[Data under study — start]

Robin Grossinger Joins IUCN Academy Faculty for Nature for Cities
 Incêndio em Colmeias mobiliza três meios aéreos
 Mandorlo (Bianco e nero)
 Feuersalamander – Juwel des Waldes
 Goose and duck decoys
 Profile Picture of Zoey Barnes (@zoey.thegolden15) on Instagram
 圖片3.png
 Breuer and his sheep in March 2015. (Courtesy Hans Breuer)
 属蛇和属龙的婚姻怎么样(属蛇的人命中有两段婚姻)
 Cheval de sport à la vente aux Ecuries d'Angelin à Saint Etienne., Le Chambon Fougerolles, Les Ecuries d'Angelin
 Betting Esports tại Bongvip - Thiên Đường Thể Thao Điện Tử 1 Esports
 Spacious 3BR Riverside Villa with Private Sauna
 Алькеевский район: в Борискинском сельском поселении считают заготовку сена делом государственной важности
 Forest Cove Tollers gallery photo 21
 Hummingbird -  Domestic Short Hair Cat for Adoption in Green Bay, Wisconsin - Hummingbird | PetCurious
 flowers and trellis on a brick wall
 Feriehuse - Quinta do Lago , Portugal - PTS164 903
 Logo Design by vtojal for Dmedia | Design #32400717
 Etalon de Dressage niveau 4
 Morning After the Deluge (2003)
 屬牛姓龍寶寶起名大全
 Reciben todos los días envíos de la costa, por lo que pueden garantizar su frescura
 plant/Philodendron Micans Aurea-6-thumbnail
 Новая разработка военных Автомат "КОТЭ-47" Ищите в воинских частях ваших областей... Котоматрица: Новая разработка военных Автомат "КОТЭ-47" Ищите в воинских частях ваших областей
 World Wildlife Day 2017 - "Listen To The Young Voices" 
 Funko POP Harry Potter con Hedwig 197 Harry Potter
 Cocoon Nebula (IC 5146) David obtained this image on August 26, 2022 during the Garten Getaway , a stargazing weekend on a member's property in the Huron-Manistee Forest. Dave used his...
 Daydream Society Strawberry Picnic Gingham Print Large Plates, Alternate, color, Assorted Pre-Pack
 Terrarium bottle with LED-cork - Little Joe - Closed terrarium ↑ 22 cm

[Data under study — finish]

_What this task involves_. The lines to extract from the data above begin with the line containing "Mandorlo (Bianco e nero)" and end with the line containing "属蛇和属龙的婚姻怎么样(属蛇的人命中有两段婚姻)". Extract them exactly, including both.

_Response below_.
 Mandorlo (Bianco e nero)
 Feuersalamander – Juwel des Waldes
 Goose and duck decoys
 Profile Picture of Zoey Barnes (@zoey.thegolden15) on Instagram
 圖片3.png
 Breuer and his sheep in March 2015. (Courtesy Hans Breuer)
 属蛇和属龙的婚姻怎么样(属蛇的人命中有两段婚姻)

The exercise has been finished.